===== Source data

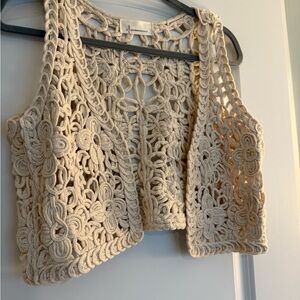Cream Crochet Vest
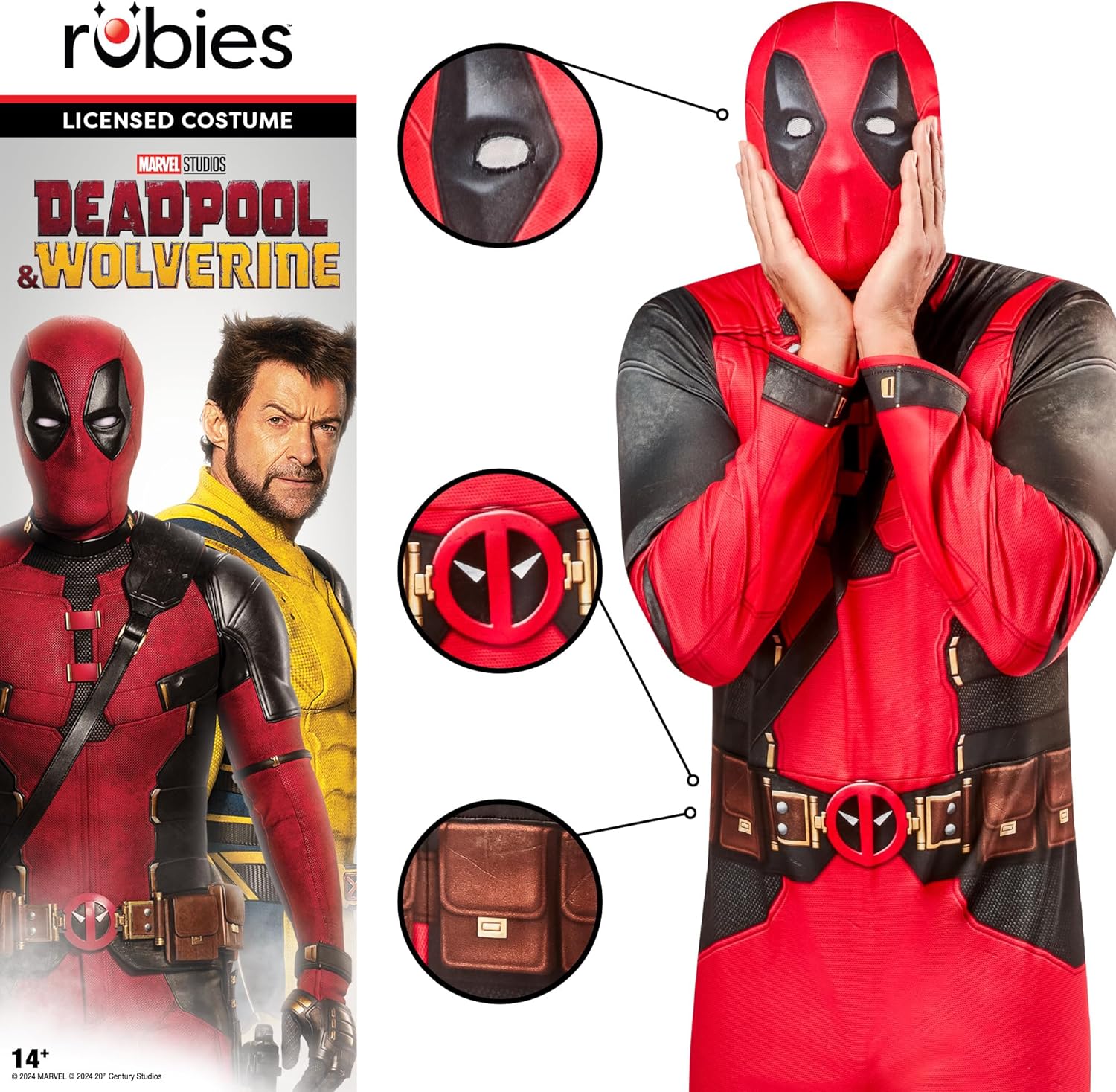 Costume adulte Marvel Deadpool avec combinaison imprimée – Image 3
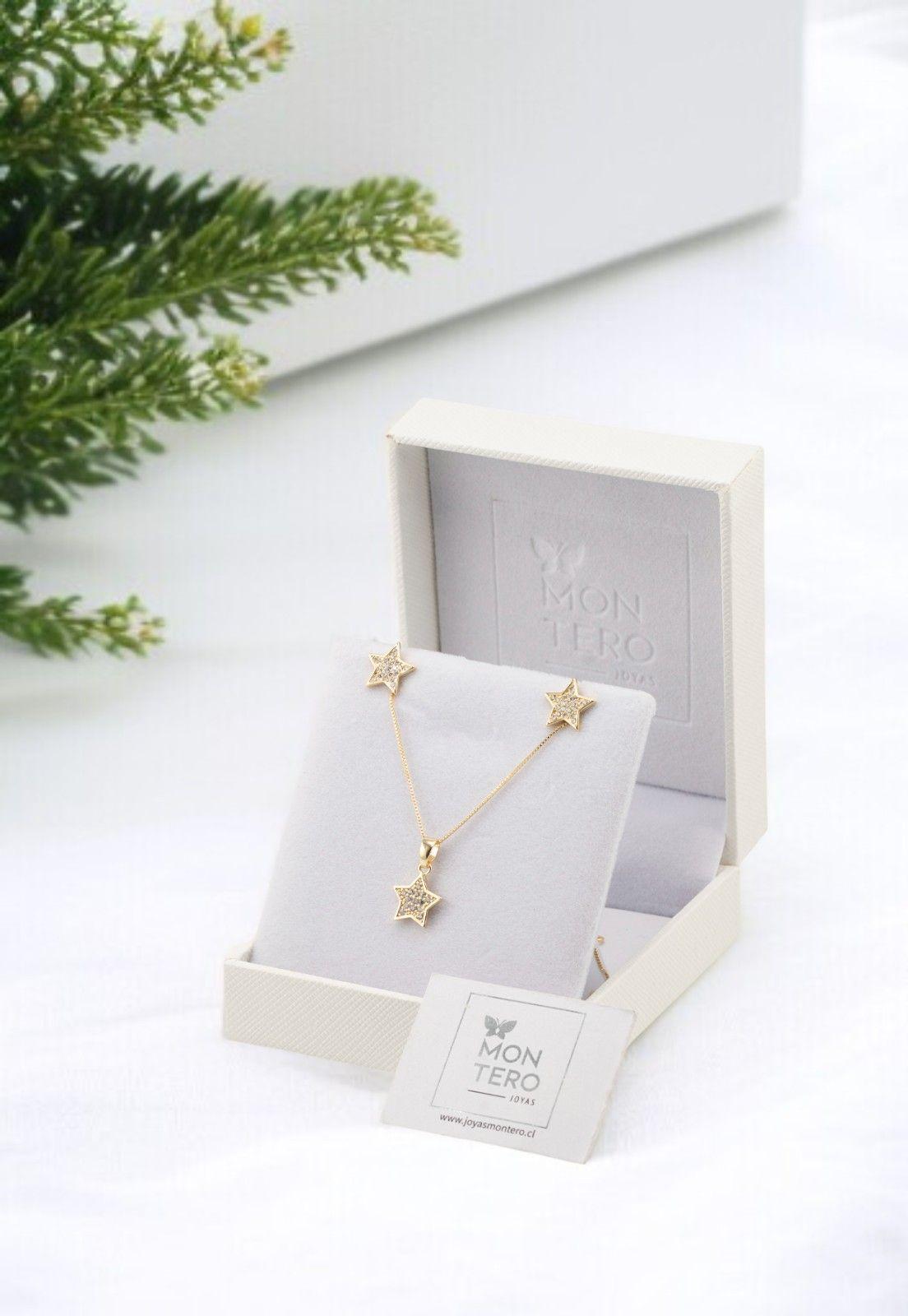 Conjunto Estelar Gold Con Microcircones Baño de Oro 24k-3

==========

• **Exercise brief**
Give back the data exactly. Skip any images.

• **Output below**
Cream Crochet Vest
 Costume adulte Marvel Deadpool avec combinaison imprimée – Image 3
 Conjunto Estelar Gold Con Microcircones Baño de Oro 24k-3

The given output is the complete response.